(Caption-style text data)
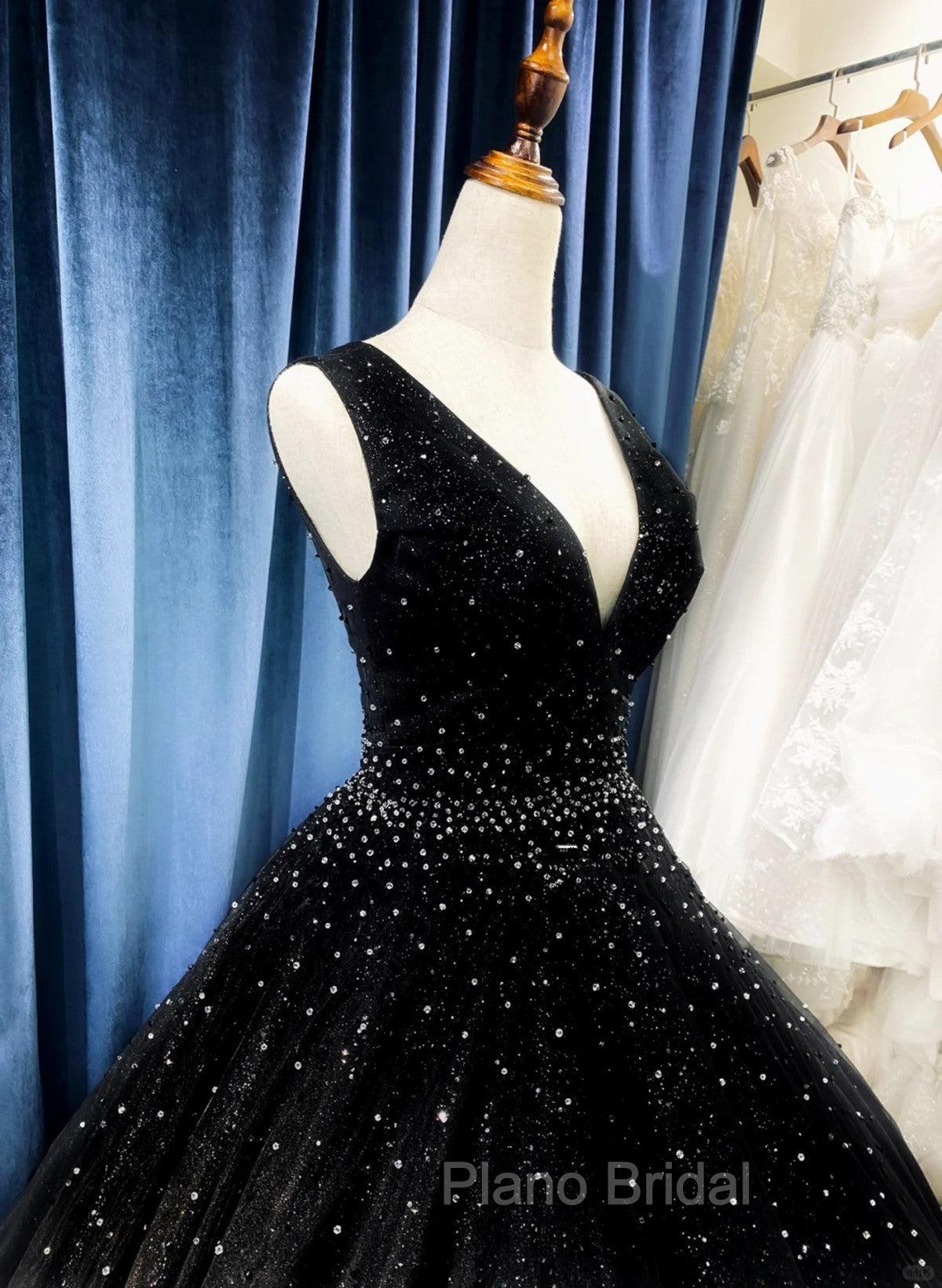 Black V-neckline Shiny Tulle Beaded Sweet 16 Dresses, Black Formal Dresses Secondary image
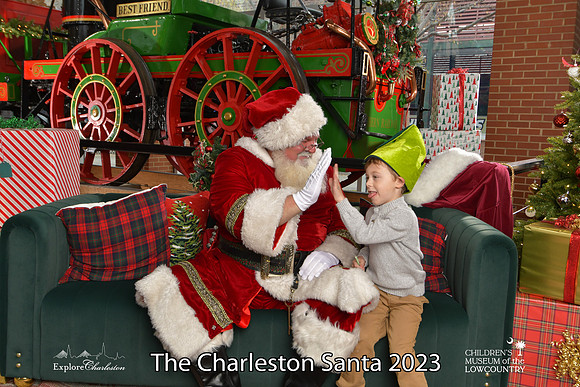 TheCharlestonSanta-12-16-23-2418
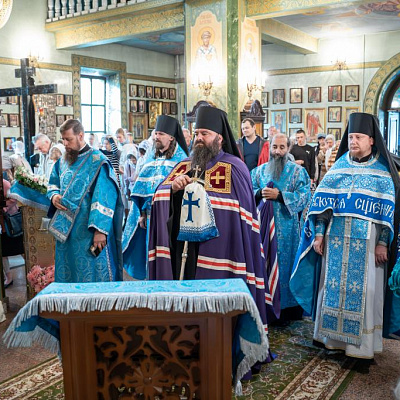В праздник Рождества Пресвятой Богородицы епископ Городецкий и Ветлужский Парамон совершил Божественную литургию в Городецком Феодоровском мужском монастыре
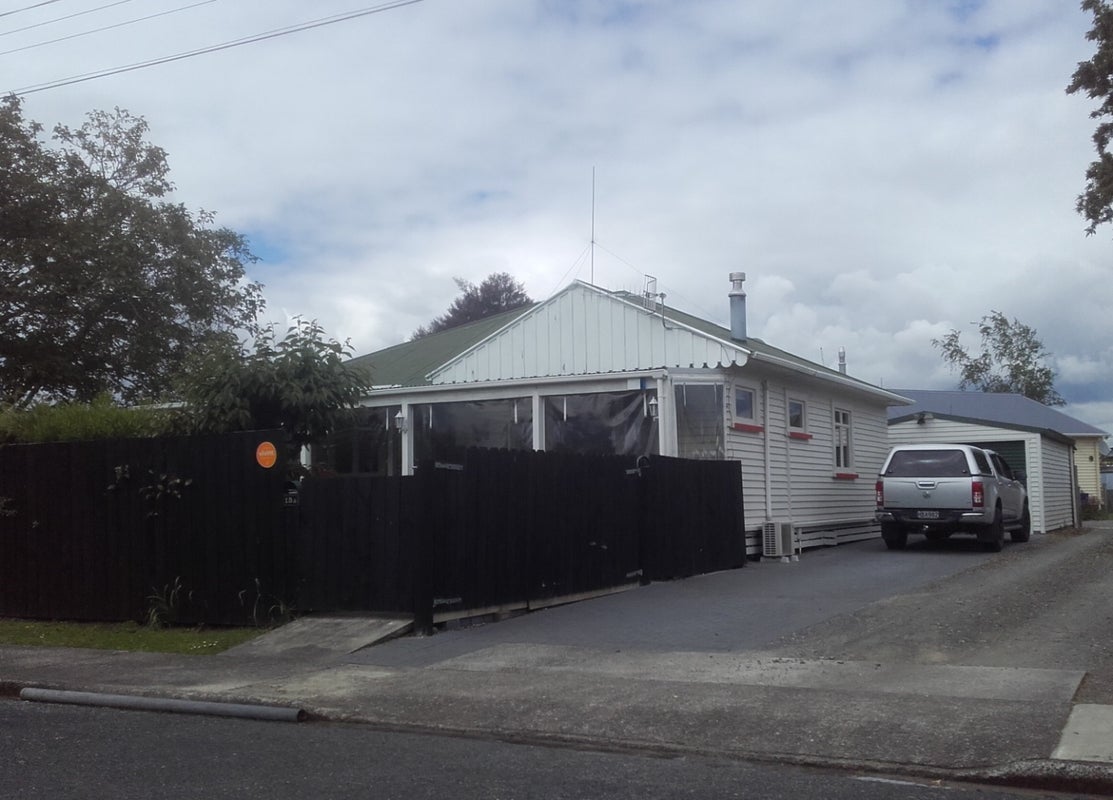 15A Murray Road, Fairy Springs, Rotorua - Carousel 1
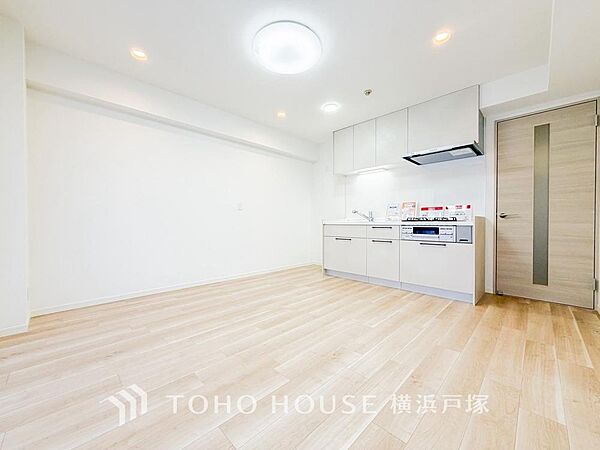 【Living room】家族みんなが爽やかに健やかに過ごせるように、溢れる光をたっぷり取り込んだリビングダイニング。集いの場、憩いの場としての快適性を求めたやすらぎの空間です。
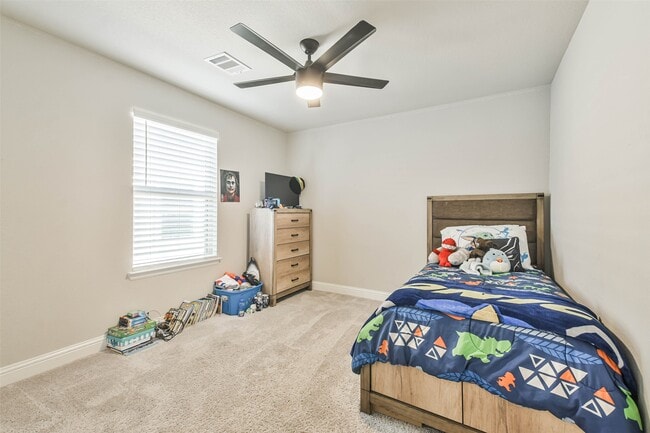 Building Photo - 22095 Volante Dr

Problem: When you repeat the records, reproduce each line exactly and drop the images.

Response to this task:
 Black V-neckline Shiny Tulle Beaded Sweet 16 Dresses, Black Formal Dresses Secondary image
 TheCharlestonSanta-12-16-23-2418
В праздник Рождества Пресвятой Богородицы епископ Городецкий и Ветлужский Парамон совершил Божественную литургию в Городецком Феодоровском мужском монастыре
 15A Murray Road, Fairy Springs, Rotorua - Carousel 1
 【Living room】家族みんなが爽やかに健やかに過ごせるように、溢れる光をたっぷり取り込んだリビングダイニング。集いの場、憩いの場としての快適性を求めたやすらぎの空間です。
 Building Photo - 22095 Volante Dr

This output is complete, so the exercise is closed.